Hay un sindicalismo que no representa a sus bases, sino a su burocracia; no defiende ideas ni derechos, sino privilegios y negocios que socavan sus fuentes de trabajo y su propia legitimidad
Si un día descubriésemos que los competidores de Aerolíneas Argentinas contrataron en forma clandestina a los sindicalistas de la línea de bandera, nos escandalizarían las malas artes y la inescrupulosa ruptura de la lealtad comercial. Pero deberíamos reconocer que la estrategia habría sido tan perversa como efectiva: nadie ha hecho tanto por devaluar la competitividad de Aerolíneas, y beneficiar así a todos sus competidores, como los gremios que, desde hace meses, llevan adelante una estrategia salvaje de reclamo con angustiantes consecuencias para los pasajeros que quedan varados o directamente encerrados en aviones y aeropuertos.

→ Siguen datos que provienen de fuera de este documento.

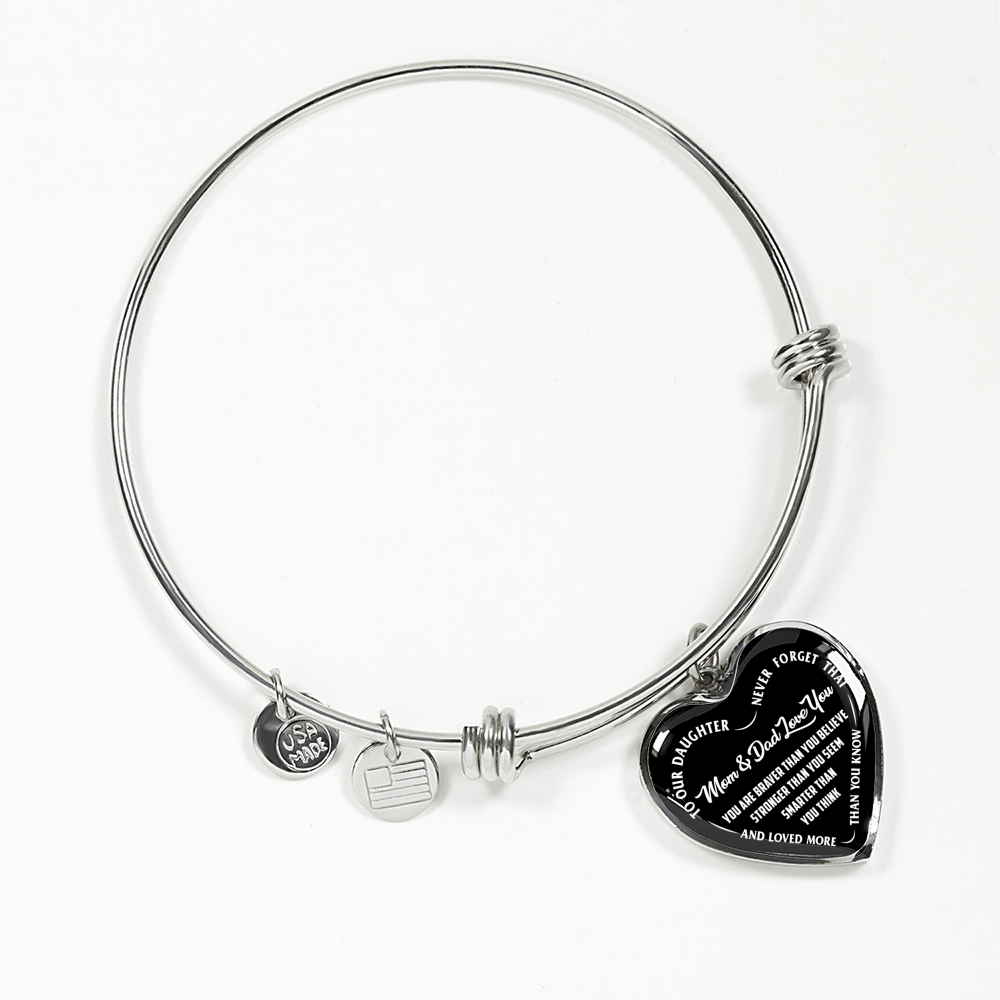 TO OUR DAUGHTER, YOU ARE BRAVER, MOM & DAD LOVE YOU - GOLD AND SILVER FINISHED HEART SHAPED BANGLE BRACELET (WHITE TEXT ON BLACK)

“¿Quién compraría hoy un pasaje en Aerolíneas?”, se preguntaba hace pocas semanas el profesor Juan Carlos de Pablo en una columna en LA NACION. Para muchos destinos no existe alternativa, pero en los casos en los que hay otras opciones los pasajeros prefieren, naturalmente, no correr riesgos de cancelaciones ni demoras. Así –explicaba De Pablo–, cae dramáticamente la facturación de una empresa que ya arrastra desde hace años una ecuación deficitaria. Al provocar ese resultado los gremios destruyen la empresa que dicen defender. ¿Son una excepción? ¿O forman parte de una cultura prepotente y autodestructiva que tiñe muchos reclamos sectoriales? Tal vez debamos mirar el conflicto de los aeronáuticos como parte de un fenómeno más amplio y más complejo, en el que el sindicalismo no representa a sus bases, sino a su propia burocracia; no defiende ideas ni derechos, sino una red de privilegios y negocios que socava, paradójicamente, sus fuentes de trabajo y su propia legitimidad.
La metodología que se vio la semana pasada en Aeroparque, cuando cientos de pasajeros quedaron atrapados en los aviones y vieron retenidos sus equipajes por una “asamblea” de Intercargo, es el reflejo de una cultura violenta y extorsiva que ha tendido a naturalizarse en las últimas décadas. Para reclamar por el presupuesto, los universitarios toman facultades y cortan calles con supuestas “clases públicas”; para negociar salarios, muchos gremios bloquean circuitos productivos, toman fábricas y obstaculizan el comercio. Para “defender” la escuela pública se cierran las aulas y se deja a millones de chicos sin clases. Cualquier marcha o movilización puede incluir una pedrada o una quema de cubiertas. Cuando un fallo no satisface las expectativas, se amenaza o se patotea a los jueces. La “cultura piquetera” y las prácticas patoteriles se han enquistado en la lógica del reclamo, como si amplios sectores de la dirigencia y de la militancia se hubieran dejado seducir por el estilo de un elenco estelar: Moyano, Baradel, Grabois y Belliboni.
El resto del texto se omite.